I get bored of things sometimes.

Sometimes I even get bored of breathing but you can't very well just stop doing that. Sure, you can hold your breath but once you pass out and turn blue you'll automatically start breathing again when you hit the floor. Try it. I promise it works. That is, unless you do it while you're knee-deep in water or something. I don't intend to.

Sometimes when I'm bored at work I'll start doing something really menial and mindless so that I can free up my brain for other things. Then I'll ask myself some sort of question, like were the Yanomamo really as fierce and violent as Chagnon portrayed them? He seems to be pretty fixated on how they liked to beat each other on the head with clubs and axes and practice infanticide. Though I wouldn't know the answer because I've never been to Brazil.

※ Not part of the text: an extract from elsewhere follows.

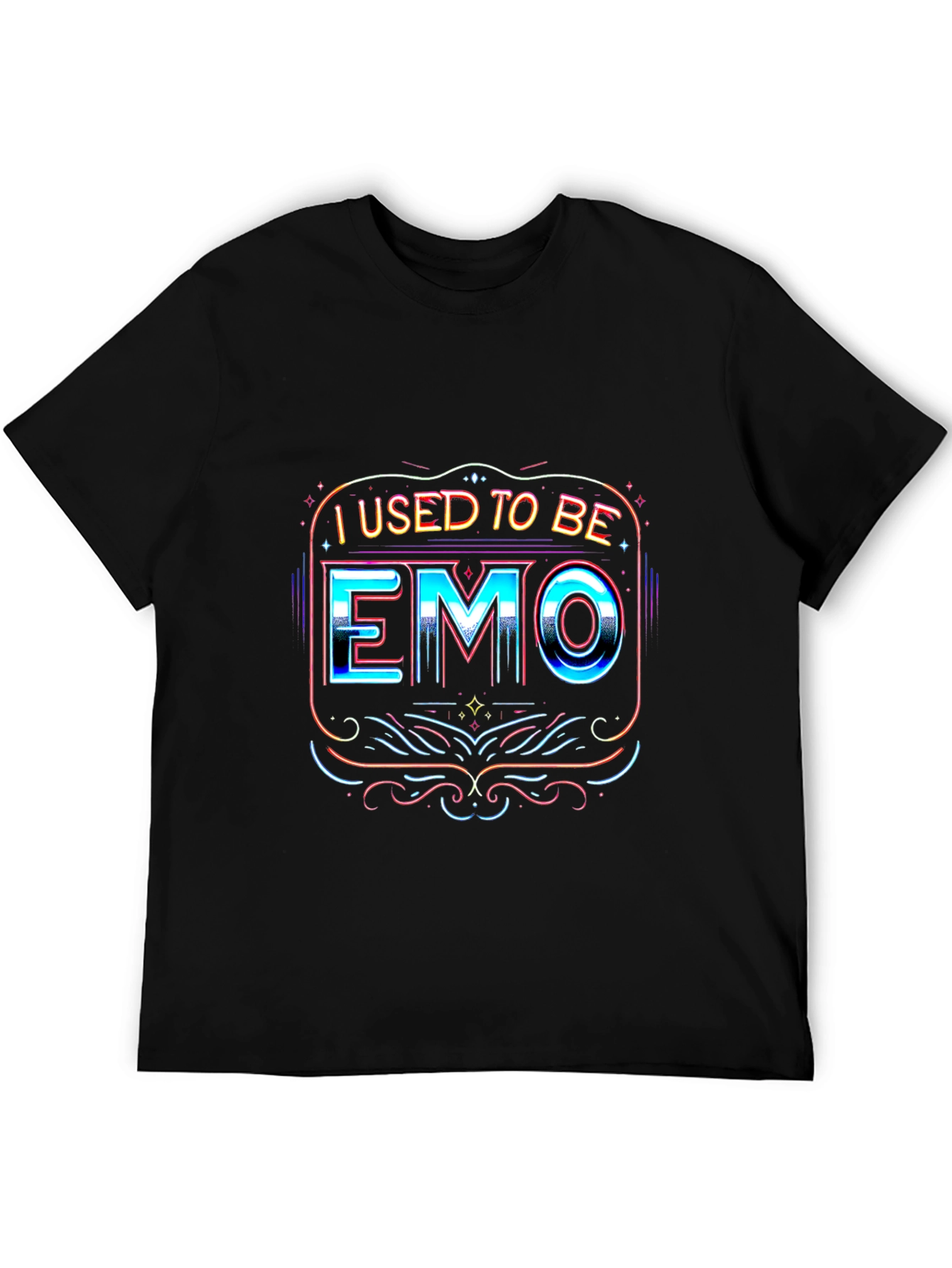 I Used To Be Emo Graphic Tee - Black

I guess the other question would be why I remember stuff I learned in school from three or four years ago when it's not even part of my major. I just do. I'm good at that.

The next logical question would be to ask how these people liked to cut their hair and there is a word for that called tonsure. From Latin.

And what are the principle parts of the verb?
tondeo, tondere, totondi, tonsus
I always get stuck on totondi. Sometimes I say tondivi instead because in my mind that would make sense too. It's perfect tense, as in have or has cut, sheared or clipped, though in English usually the have gets left out. We're pretty sloppy with our verbs. Latin is not, though whether Romans actually cared or not is debateable. It's the pickiest damn language, so I'm sure that they would cut each other some slack if they screwed something up once in a while.

There's only one person in the world that would be able to answer that though. His name is Reg Foster, he wears overalls like they do in mechanics shops and he lives in the Vatican. He used to be Pope John Paul II's Latin secretary and he might still be working there. A friend of mine had lunch with him once.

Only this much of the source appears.